India faces questions about another reported foreign assassination plot

For the second time in recent months, India’s government is facing questions about whether it was involved in an assassination plot on Western soil, as U.S. officials said they had expressed concerns to New Delhi about a thwarted plan to kill a dual U.S.-Canadian citizen. The target was reported by news outlets to be Gurpatwant Singh Pannun, a vocal advocate for Sikh separatism. U.S. officials did not publicly accuse India. But the revelation of a foiled plot comes just months after Prime Minister Justin Trudeau of Canada accused the Indian government of involvement in the killing of another Sikh separatist on Canadian territory.

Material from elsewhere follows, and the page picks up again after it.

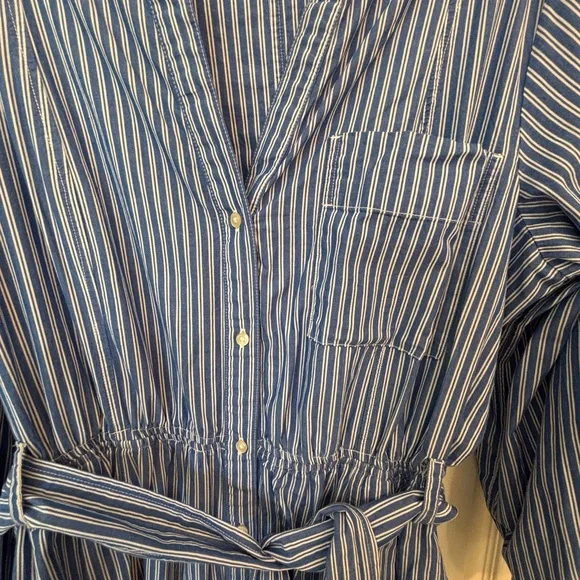 Free Assembly Blue & White Striped Cotton Midi Shirtdress with Belt Women’s XL - Picture 5 of 6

Rioters clash with police in Dublin after children hurt in knife attack

Three young children and a woman in her 30s were injured near a school in Dublin on Thursday, police said, in a knife attack that was followed by destructive riots that they blamed on the far right weaponizing “misinformation” about the episode. An adult woman in her 30s and a 5-year-old girl sustained serious wounds, police said, while a 5-year-old boy and a 6-year-old girl were treated for less serious injuries. The boy was later released from hospital. A suspect in the case was in custody, according to the Irish police force. The police commissioner said the motive for the attack remained “entirely unclear.”